Ce sont à ces femmes-là que s’en prend l’apôtre
Paul.
D'abord il
argumente. Il est plus que probable que d'autres débats ne nous sont pas
rapportés par les textes. Les responsables de l'église locale ont
certainement eux aussi essayé à maintes reprises de convaincre ces
femmes.
Mais selon
les habitudes de leur culture, certaines femmes continuent cependant à
refuser la marque de la suprématie du mari dans le couple. La chrétienne
d'origine juive accepte sans problème, c'est dans sa tradition, mais celle
d'origine grecque se rebiffe.
Paul ne
réussissant pas à faire retomber les passions ordonne le silence, à
cause de ce contexte.
Mais les
anges là-dedans ?
Je suppose
que Paul fait référence à la chute de Satan quand il discutait contre
Dieu. C’est alors un triste spectacle de révolte qui s'est déroulé devant
les anges qui furent ébranlés et entraînés pour beaucoup d’entre eux dans
la désobéissance.
Il s’agirait
donc dans cette affaire de contestation du même schéma de désobéissance
pouvant, bien sûr à une petite échelle locale, avoir la même suite que la
rébellion des légions de Satan. C’est à dire la perte de certaines âmes.
v
Conclusion sur la relation avec les anges :
Si le problème est bien celui de
la désobéissance à Dieu pour ce qui concerne les anges, il s'agit d'un
problème de désobéissance à l'église pour ce qui concerne la femme sans
voile, à cause de la règle en vigueur.
Désobéissance, il faut le noter
à propos d'une coutume. C'est à dire sur quelque chose qui peut
évoluer dans le temps. La coutume de porter le voile à cette époque
revêtait une importance que nous évaluons mal dans notre société. Mais
qui à Corinthe, il faut s'en souvenir pour bien comprendre l'intervention
de Paul, était la cause d'un climat de révolte incompatible avec la paix
qui doit régner dans l’assemblée.
Il s’agit là d’une situation qui
était, et qui demeure, inacceptable dans l'Eglise.
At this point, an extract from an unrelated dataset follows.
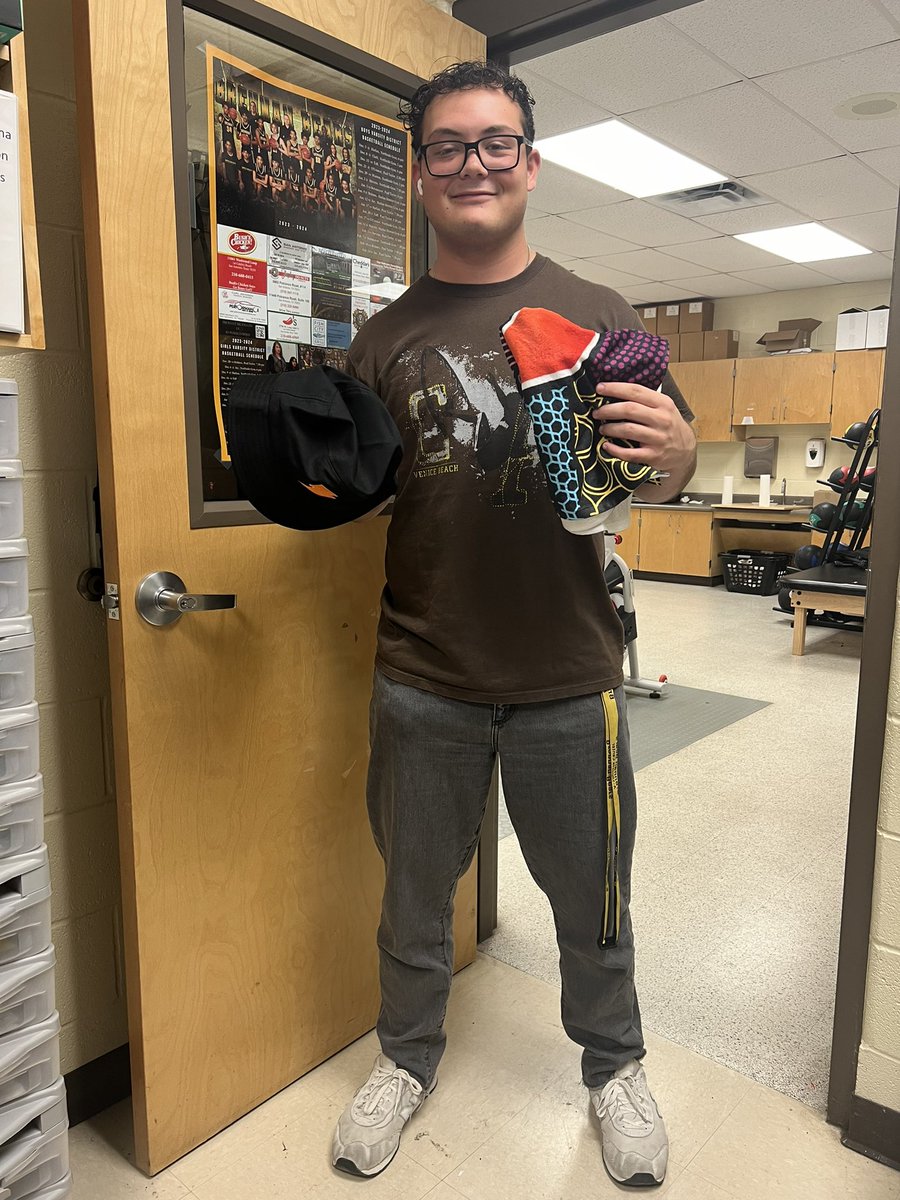 Brennan_AT's tweet photo. Congratulations AQ for being selected by your coach as a STUD ACE representative!

You have been an amazing student, athlete, and teammate!! https://t.co/4tipDObNdY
Nous comprenons donc que ce n'est
pas à cause des anges qu'aujourd'hui l'épouse devrait donc se parer d’un
second voile, ces voiles n'étant qu'une tradition. Par contre il est tout
à fait possible de comprendre que les anges puissent être inquiets du
refus d’obéissance, eux qui connaissent les conséquences désastreuses de
la rébellion…
Ø
La conclusion logique qui s’impose est donc que si la règle de l’Eglise
n’oblige pas la femme à porter le voile, elle n’a aucune raison de le
porter. Mais si, la règle de l’Eglise est de le porter alors, elle doit se
soumettre.
Mais, la bonne question reste de
savoir pourquoi l’Eglise d’aujourd’hui imposerait cette règle, si ce n’est
ni à cause du mari, ni à cause des anges ?
III – Si c’est à cause de Dieu :
"Il n'y a
plus ni Juif ni Grec, il n'y a plus ni esclave ni libre, il n'y a plus ni
homme ni femme; car tous vous êtes un en Jésus-Christ." (Galates 3:28)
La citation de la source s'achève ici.